Developing more accurate cold atom accelerometers

For the first time, a team of French physicists, supported by CNES and ESA, has succeeded in developing a vibration-resistant cold atom accelerometer. Tested in parabolic flight, this prototype was able to measure infinitesimal accelerations, which until now was only possible in the laboratory. This could pave the way for the development of portable cold atom accelerometers and thus improved positioning and geological prospecting systems. It could also make it possible to directly test aspects of Einstein's general theory of relativity. The results are published in the journal Nature Communications.

Accelerometers using atomic waves are far more accurate than traditional accelerometers, which are used for example in smartphones or on board satellites and ships. The downside is that their operating principle makes them fragile as they rely on atoms laser-cooled to temperatures near absolute zero. The atoms then behave in a wave-like manner, like light beams, making it possible to build matter-wave interferometers that are extremely sensitive to accelerations. This particularity is put to use in atom accelerometers, but at the price of diabolical experimental complexity and extreme sensitivity to vibrations.

Operating them on board Novespace's Airbus “A300 ZERO-G”, which performs parabolic flights to simulate microgravity, was therefore a real challenge. To achieve this, the team of researchers developed a novel technique consisting in merging the data collected by both the atom accelerometer and conventional accelerometers. This enabled them to measure the acceleration of the aircraft with an accuracy several hundred times greater than that of other accelerometers, despite strong signal interference due to permanent jolting.

The demonstration of the viability of this atom accelerometer under difficult conditions opens the way to commercial applications. The model used in flight was bulky (4 m3), but the CNRS scientists have since developed a portable version, the size of a travelling trunk. Due to be marketed next year, it is mainly intended for geophysics research laboratories. In fact, any variation in the composition of the Earth's crust is reflected in the local gravitational field: by finely mapping this gravitational field using an atom accelerometer, it could be possible to identify mineral veins, monitor underground seismic or volcanic activity, control the safety of oil wells, etc.
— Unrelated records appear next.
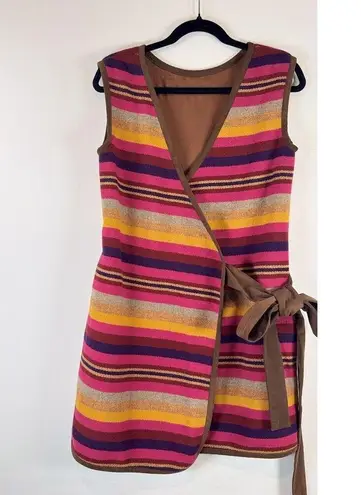 Ann Mashburn Women Vest Sweater Pink Wool Striped Cashmere Sleeveless Wrap Small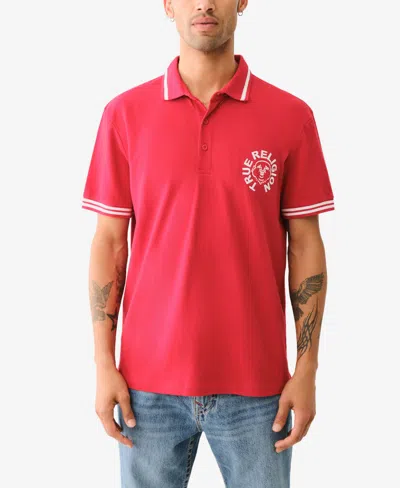 True Religion Men's Short Sleeve Buddha Face Polo Shirt In Red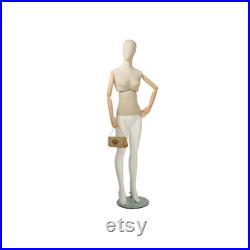 Adult Female Linen Upper Body Fiberglass Lower Body Removable Egg Head Mannequin FFLX01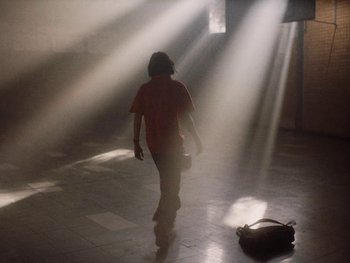 Movie still from “G FLIP - I Am Not Afraid” (2019), directed by Lucy Knox – Wide shot, Low angle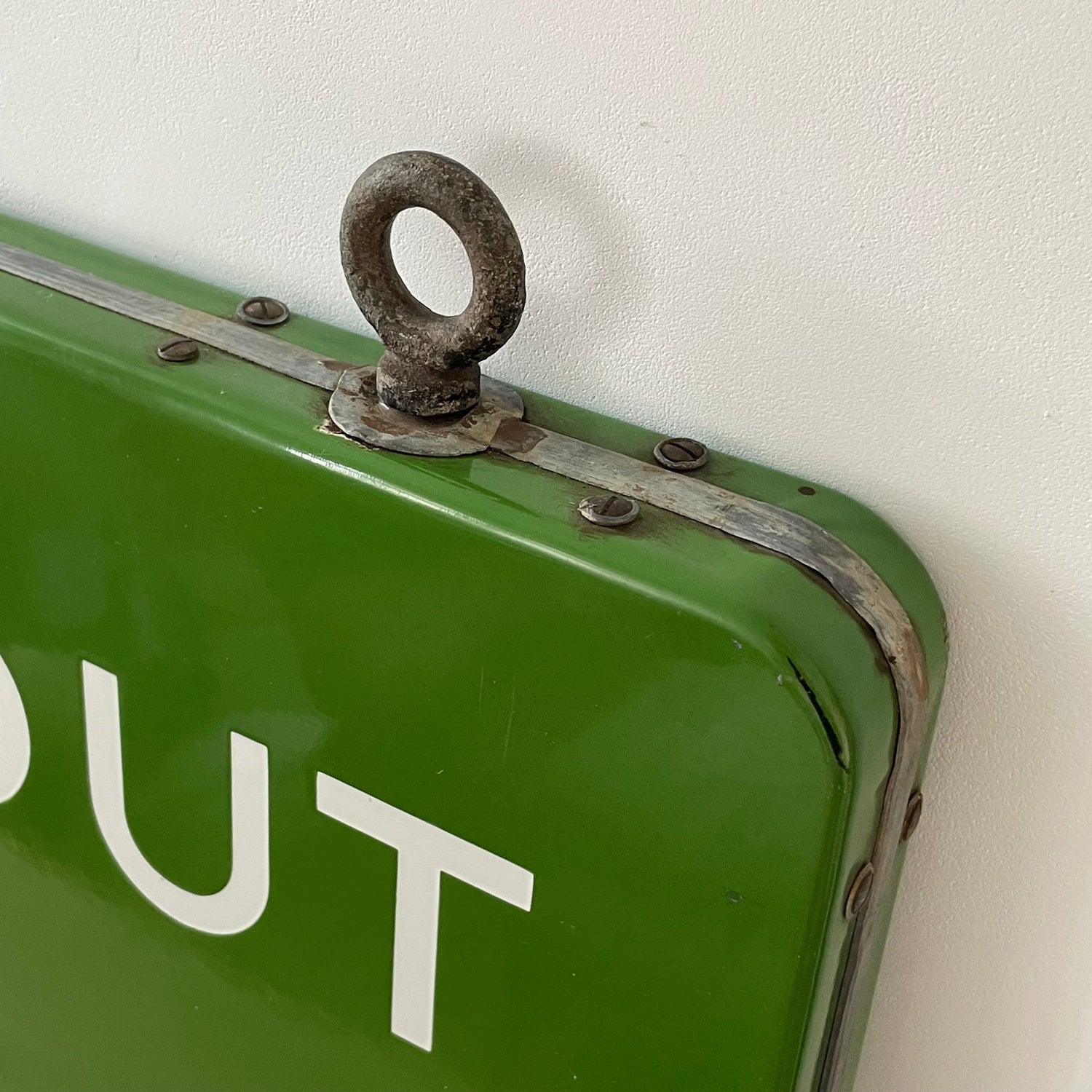 Vintage British Railway Enamel Sign – &quot;WAY OUT AND LADIES ROOM&quot;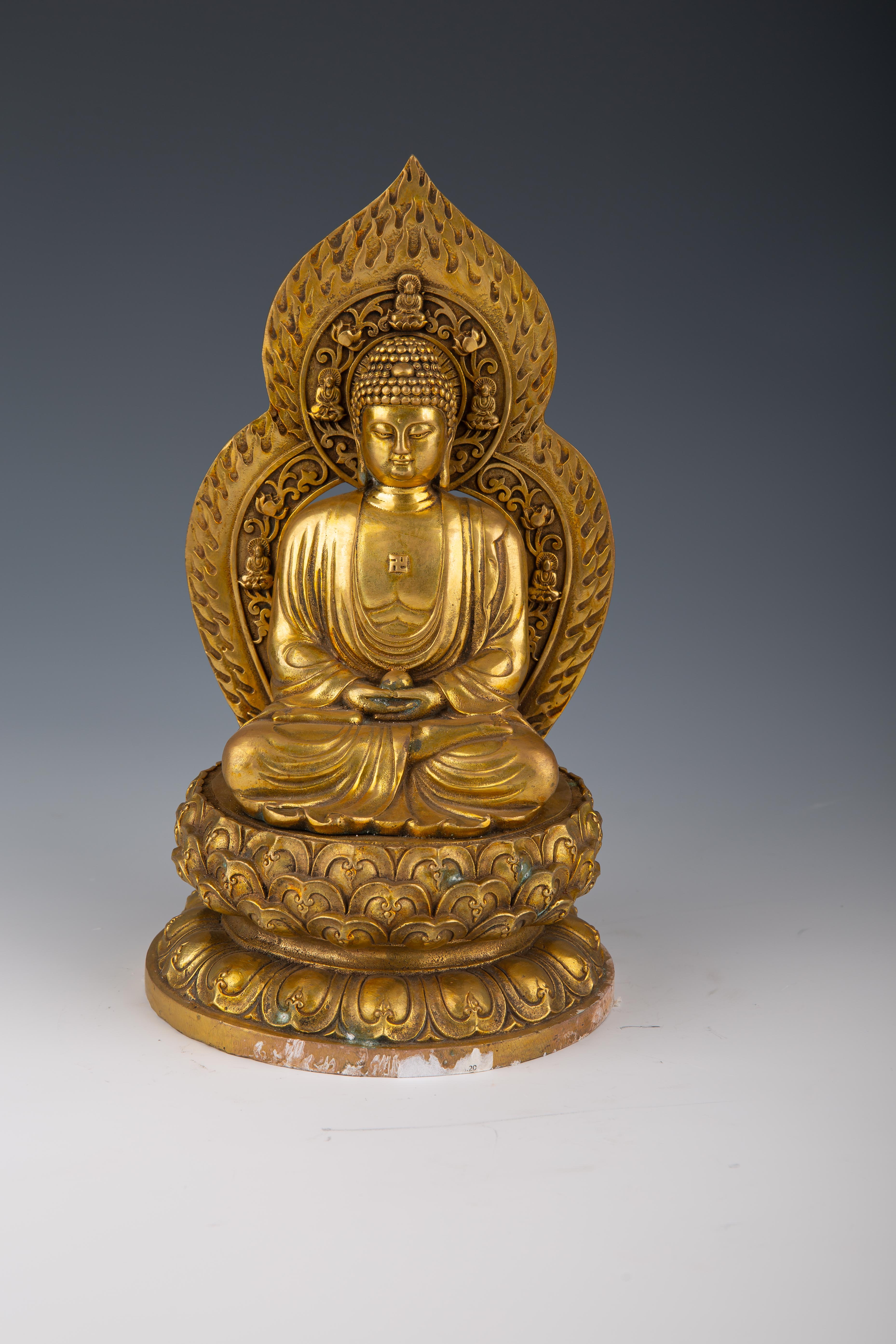 Gilded Bronze Seated Buddha Figure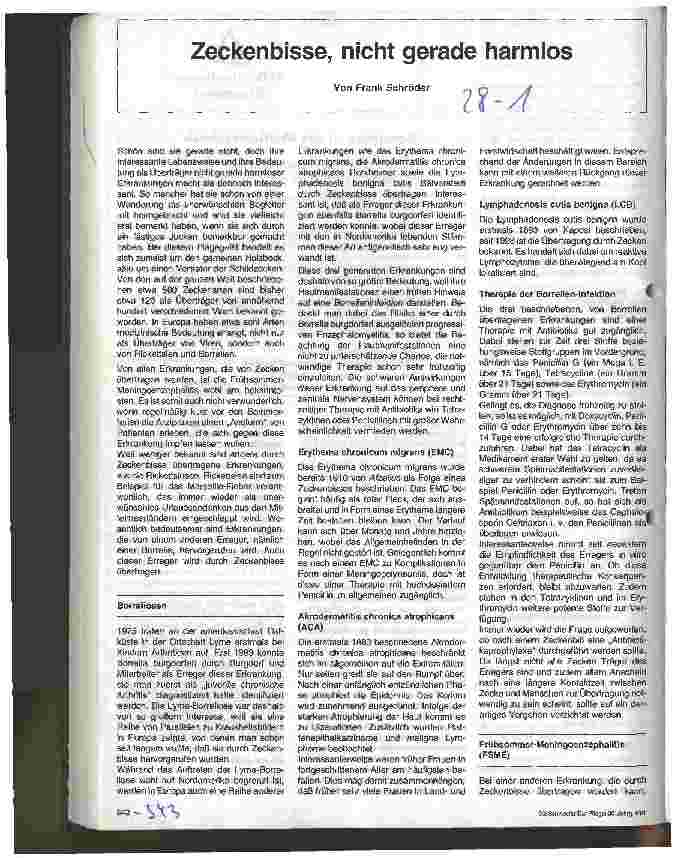 Vorschauseite 1: Zeckenbisse, nicht gerade harmlos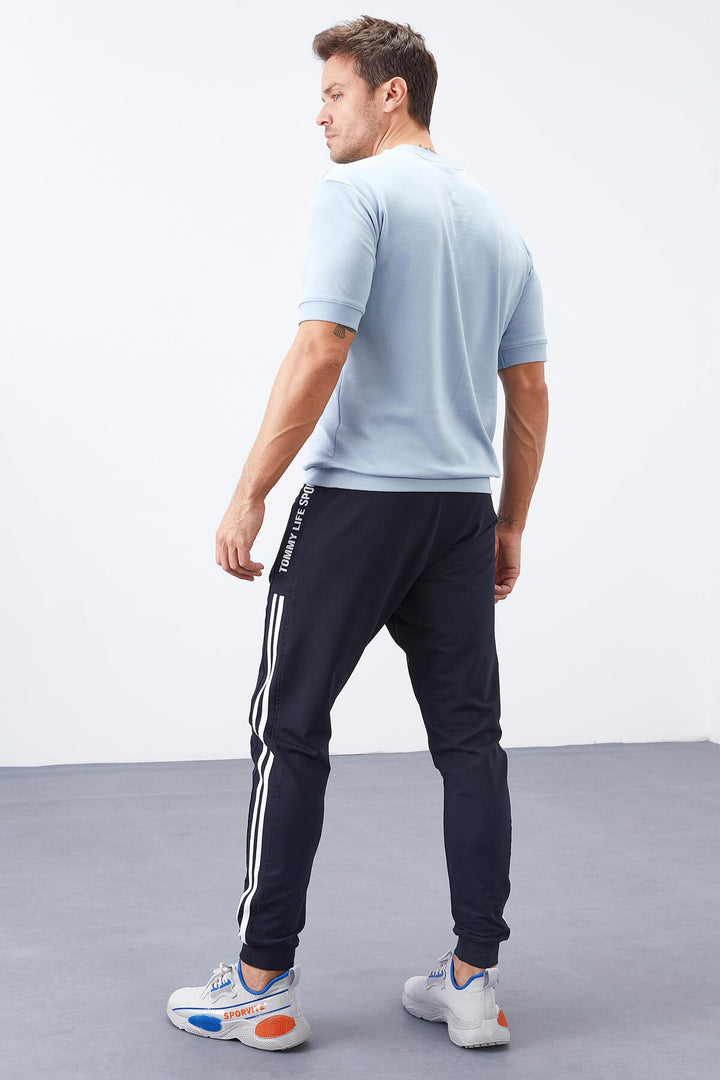 TMY Navy Blue Double Stripe Standard Fit Jogger Men's Sweatpants - 84694 - Arles
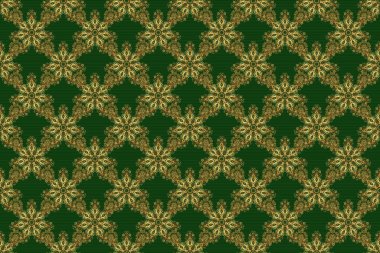 Eski bir süs. Tasarımlarınız ve geçmişleriniz için yeşil ve altın desenli. Ambalaj kağıdı, kumaş veya tekstil için modern geometrik kusursuz desen.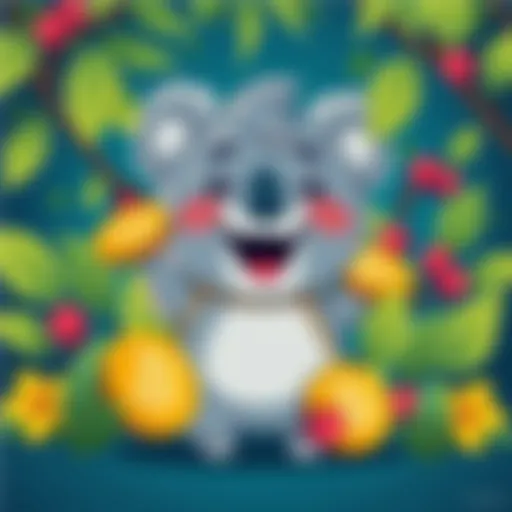 An illustration of a cartoon dropbear character with a joyful expression, surrounded by Australian elements like eucalyptus leaves and coins symbolizing cryptocurrency.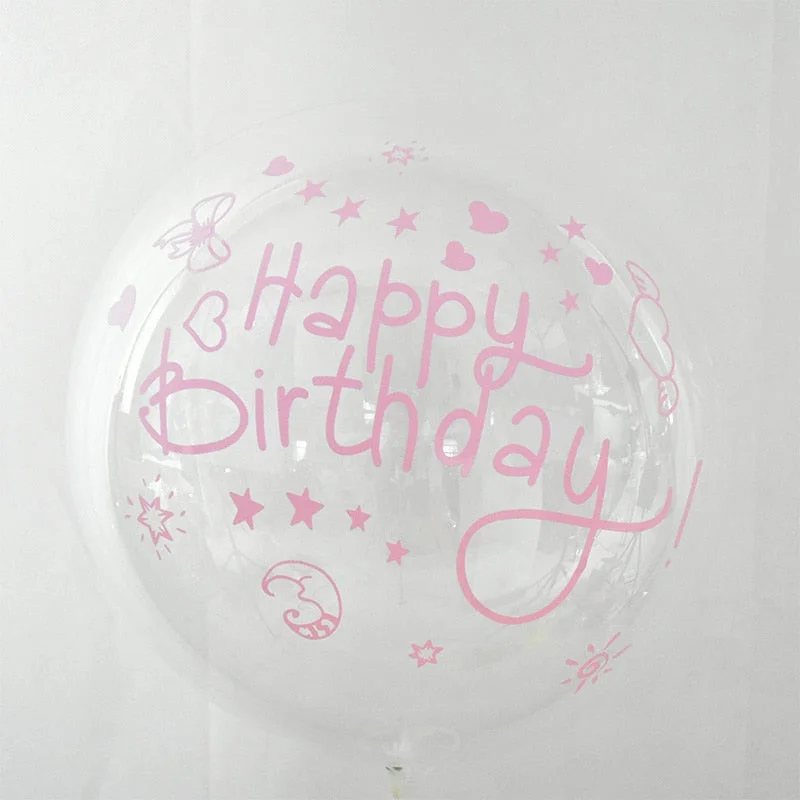 1Pc 20inch Transparent Balloon with Sticker Happy Birthday Balloons Helium Balloon Wedding Birthday Party Decoration Supplies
In terms of fundamental research, the accelerometer will be used to test the equivalence principle of general relativity, according to which the acceleration of gravity is the same for all objects. It is precisely for this reason that the researchers have made sure that their instrument could withstand parabolic flight, during which the device is briefly subjected to microgravity. The principle of equivalence will be put to the test during forthcoming in-flight experiments, with two atom accelerometers operating with different types of atoms. The scientists will thus be seeking to determine whether the accelerometers give exactly the same results. A positive response would mean that Einstein was right.